Vor neun Jahren trat eine Politikerin an alles anders und besser zu machen: Als Henriette Reker am 18. Oktober 2015 zur Oberbürgermeisterin von Köln gewählt wurde war das ein Ereignis das Menschen deutschlandweit bewegte: Nur einen Tag zuvor war Reker, als Sozialdezernentin für die Unterbringung von Flüchtlingen in der Stadt zuständig, von einem Rechtsradikalen niedergestochen worden.
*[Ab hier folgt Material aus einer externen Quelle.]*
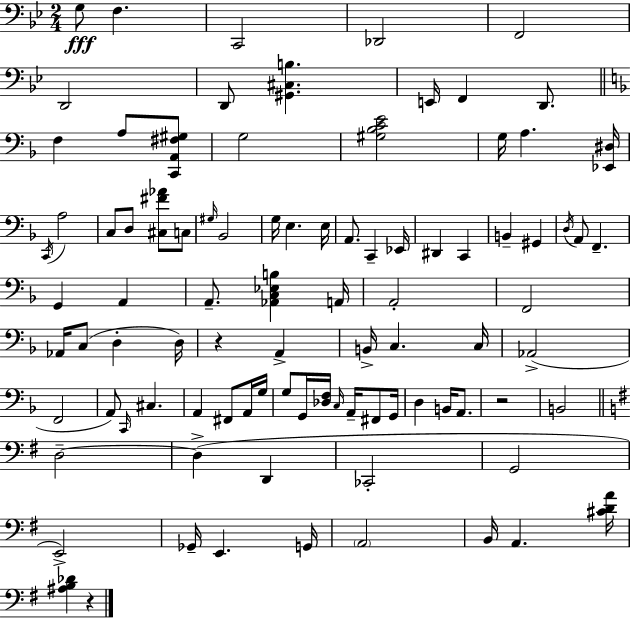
G3/e F3/q. C2/h Db2/h F2/h D2/h D2/e [G#2,C#3,B3]/q. E2/s F2/q D2/e. F3/q A3/e [C2,A2,F#3,G#3]/e G3/h [G#3,Bb3,C4,E4]/h G3/s A3/q. [Eb2,D#3]/s C2/s A3/h C3/e D3/e [C#3,F#4,Ab4]/e C3/e G#3/s Bb2/h G3/s E3/q. E3/s A2/e. C2/q Eb2/s D#2/q C2/q B2/q G#2/q D3/s A2/e F2/q. G2/q A2/q A2/e. [Ab2,C3,Eb3,B3]/q A2/s A2/h F2/h Ab2/s C3/e D3/q D3/s R/q A2/q B2/s C3/q. C3/s Ab2/h F2/h A2/e C2/s C#3/q. A2/q F#2/e A2/s G3/s G3/e G2/s [Db3,F3]/s C3/s A2/s F#2/e G2/s D3/q B2/s A2/e. R/h B2/h D3/h D3/q D2/q CES2/h G2/h E2/h Gb2/s E2/q. G2/s A2/h B2/s A2/q. [C#4,D4,A4]/s [A#3,B3,Db4]/q R/q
Den Anschlag überlebte die Politikerin nur knapp. Als ihr Wahlsieg über den Sozialdemokratischen Kandidaten Jochen Ott feststand, lag sie im Universitätsklinikum im künstlichen Koma.
Die parteilose Reker war die gemeinsame Kandidatin von CDU, Grünen und FDP. Die drei Parteien hatten sich mit der Dezernentin zusammengetan, um zu verhindern, dass erneut ein Sozialdemokrat an die Spitze der Stadt kam. Reker stellte sich als ungebundene Verwaltungsexpertin dar, die einen “tiefgreifenden Wandel in Köln” umsetzen wollte. Mit mehr Transparenz und Bürgerbeteiligung sollte das durch zahlreiche Skandale erschütterte Vertrauen der Kölner wiedergewonnen werden. Die hohen Erwartungen wurden enttäuscht: Während 2020 in Städten wie Essen oder Bochum die amtierenden Oberbürgermeister im ersten Wahlgang im Amt bestätigt wurden, musste die Oberbürgermeisterin trotz Unterstützung von Union und Grünen in die Stichwahl. Ob Reker bei der kommenden Wahl 2025 noch einmal antritt, war lange unklar. Auf Anfrage sagte Reker nun, sie plane keine weitere Amtszeit.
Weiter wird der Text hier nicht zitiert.